Monday, June 30, 2014

Bedroom Apollo mission

Jeff Highsmith is from Make. His Mission Control Desk (a homework desk which, when you’ve finished learning your spellings and writing about what you did on your holidays, magically turns itself into an Apollo Mission Control station, complete with bleeps, bloops, and the ability to disastrously stir the oxygen tanks) is a project that got a lot of you very, very excited when we featured it. Jeff is King of the Maker Parents.

He’s not been idle since then - after all, he has two sons, and the younger one needed a project for his own bedroom to go alongside his brother’s envy-inspiring Mission Control Desk. This is what he ended up with. Please make sure you’re giving your jaw plenty of support before hitting play, so it doesn’t hit the floor when it falls open with amazement.

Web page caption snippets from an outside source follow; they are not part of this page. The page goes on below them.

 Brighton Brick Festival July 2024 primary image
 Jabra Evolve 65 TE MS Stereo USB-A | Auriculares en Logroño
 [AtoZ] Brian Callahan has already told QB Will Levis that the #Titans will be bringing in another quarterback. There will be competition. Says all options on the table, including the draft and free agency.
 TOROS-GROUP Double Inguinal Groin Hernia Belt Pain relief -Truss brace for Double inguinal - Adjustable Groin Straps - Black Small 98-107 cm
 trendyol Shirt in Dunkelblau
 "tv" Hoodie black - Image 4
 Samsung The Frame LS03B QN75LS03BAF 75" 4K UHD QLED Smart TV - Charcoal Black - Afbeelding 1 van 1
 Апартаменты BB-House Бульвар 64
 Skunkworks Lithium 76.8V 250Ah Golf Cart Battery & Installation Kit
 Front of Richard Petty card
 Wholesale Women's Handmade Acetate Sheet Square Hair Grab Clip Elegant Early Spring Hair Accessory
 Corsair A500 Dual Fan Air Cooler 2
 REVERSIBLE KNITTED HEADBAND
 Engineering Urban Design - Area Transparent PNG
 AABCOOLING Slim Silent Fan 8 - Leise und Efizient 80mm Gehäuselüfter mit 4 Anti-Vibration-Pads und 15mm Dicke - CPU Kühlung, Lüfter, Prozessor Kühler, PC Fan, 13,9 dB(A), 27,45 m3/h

Jeff has a good understanding of what gets kids’ imaginations going – this isn’t a game to win, but a prop for encouraging imaginative play. There are 38 switches, knobs, potentiometers and buttons to flick and poke, many of which trigger sequences of events. There’s video from the real Apollo missions. There’s a removable panel with pipes and screws behind it to tinker with. There’s a tactile transducer (a big bass amp that makes the whole spaceship shake and rumble) to simulate takeoff. There is a robot arm in the payload bay. And there’s lots of audio – a Raspberry Pi is in there to deal with logic and sounds.

We love it, despite the fact that it makes us feel highly inadequate. There is good reason for the top comment under this video on YouTube at the moment being “Please adopt me, even though I am 44.”

You can see more of Jeff’s projects at Make. Thanks Jeff, thanks Make, and thanks kids – depwoy the paywoad!